#### Aim of the exercise:
The expected response is an exact repetition of every record, with images excluded.

#### Stored data entries:
Start of Block

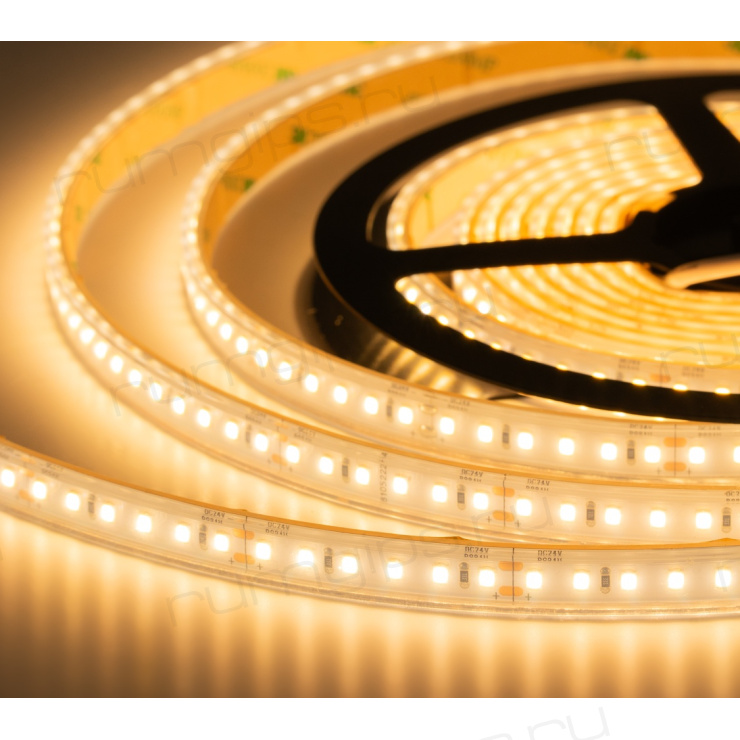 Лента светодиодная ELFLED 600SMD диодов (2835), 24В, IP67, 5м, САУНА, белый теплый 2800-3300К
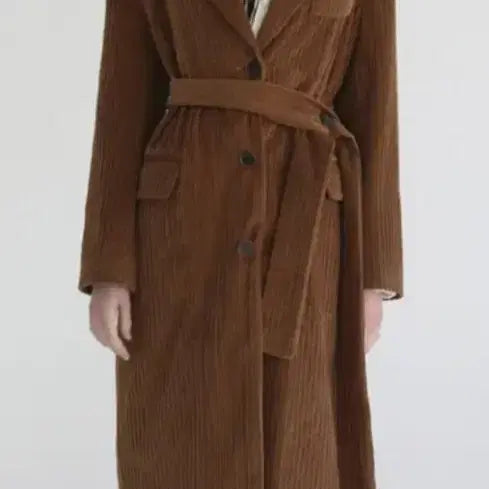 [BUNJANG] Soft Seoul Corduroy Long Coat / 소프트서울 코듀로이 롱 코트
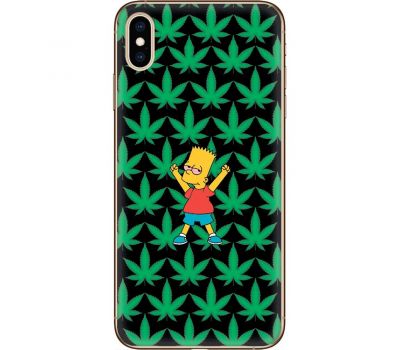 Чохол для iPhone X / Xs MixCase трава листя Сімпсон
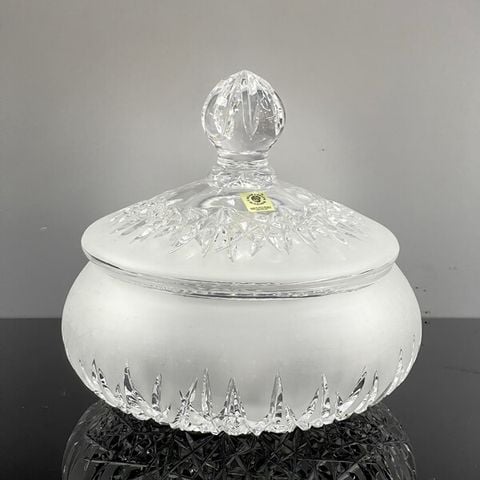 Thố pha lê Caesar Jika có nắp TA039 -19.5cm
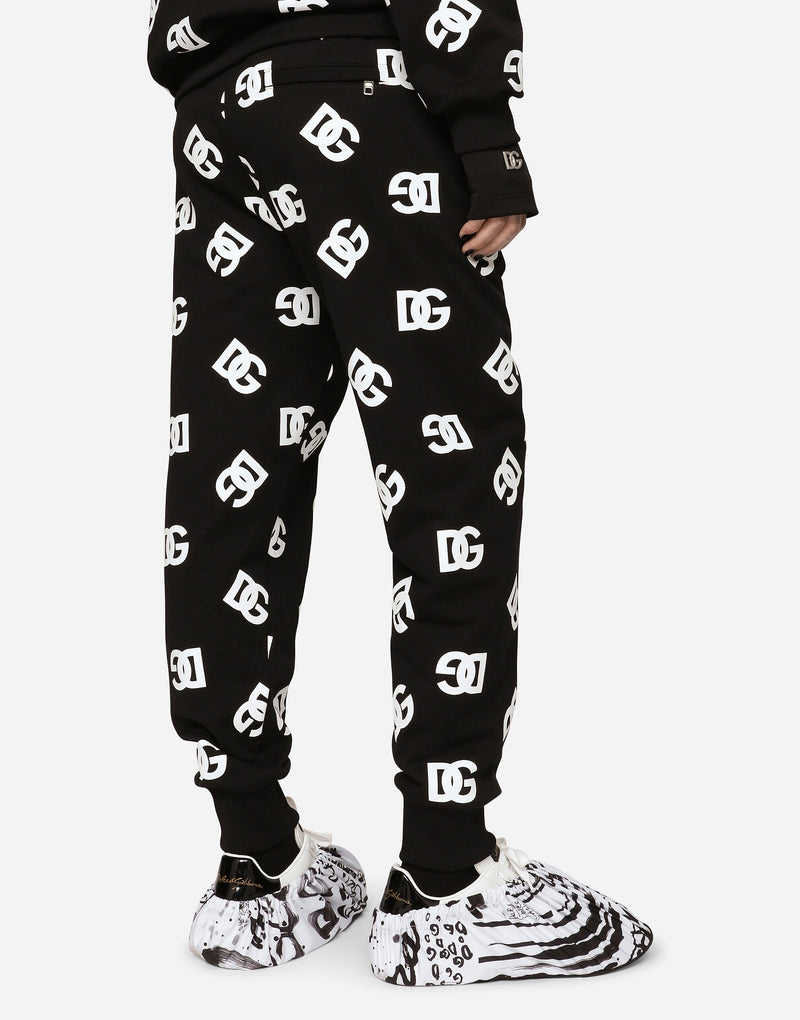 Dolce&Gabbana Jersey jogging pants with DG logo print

End of Block

#### Result of the task:
 Лента светодиодная ELFLED 600SMD диодов (2835), 24В, IP67, 5м, САУНА, белый теплый 2800-3300К
 [BUNJANG] Soft Seoul Corduroy Long Coat / 소프트서울 코듀로이 롱 코트
 Чохол для iPhone X / Xs MixCase трава листя Сімпсон
 Thố pha lê Caesar Jika có nắp TA039 -19.5cm
 Dolce&Gabbana Jersey jogging pants with DG logo print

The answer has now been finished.